- 1 Outdoor Empire Recommendations
- 2 Factors to Consider Before Purchasing
- 3 Types of Scopes
- 4 Finding the Right Scope for You
- 5 Know What You Need
Most crossbow packages come with a sight. No matter what the quality is, the first thing most people upgrade is the optic. Optics are great for crossbows because you can tailor the weapon to the job at hand even better than with iron sights.
Outdoor Empire Recommendations
Best in the Market
Vortex Viper XBR 2.5-10×44 Crossbow Scope
If you want the best crossbow scope that your money can buy, then you need to take a look at the Vortex Viper XBR 2.5-10×44 Scope that is perfect for just about anything you can do with a crossbow.
The huge amount of magnification that you get paired with the gigantic objective lens means you can accurately shoot out to the very edge of shooting light and the very edge of your effective range.

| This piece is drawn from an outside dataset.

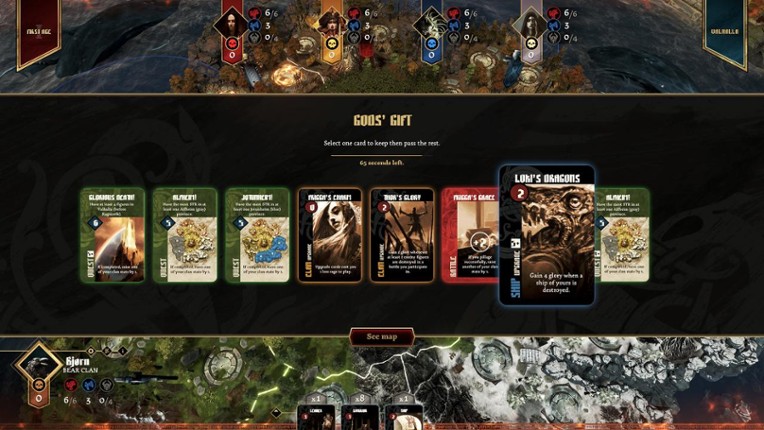 Blood Rage screenshot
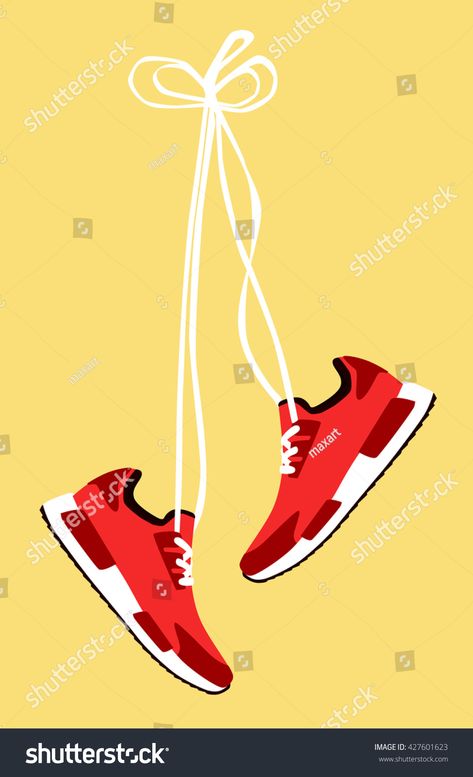 Running shoes. Sport shoes. Flat design. Vector illustration #Ad , #Sponsored, #Sport#shoes#Running#Flat Cute Running Shoes, Shoes Vector, Shoes Illustration, Shoes Sport, Shoes Running, Chalk Art, Design Vector, Flat Design, Chalk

That is perfect for western hunters who may be shooting out to as far as 50 yards.
The other great thing about it is the quality and warranty. Vortex is known for making innovation high-quality equipment and supporting it through the end. Don’t be afraid to invest in this crossbow scope, you’ll be glad you did.
Best for the Money
Nikon Bolt XR Crossbow Scope
Nikon is known for some of the highest quality optical equipment in the world. They offer dozens of specialized models for a wide range of budget. Nikon Bolt XR Crossbow Scope is one of their specialized crossbow scopes in the medium price range models.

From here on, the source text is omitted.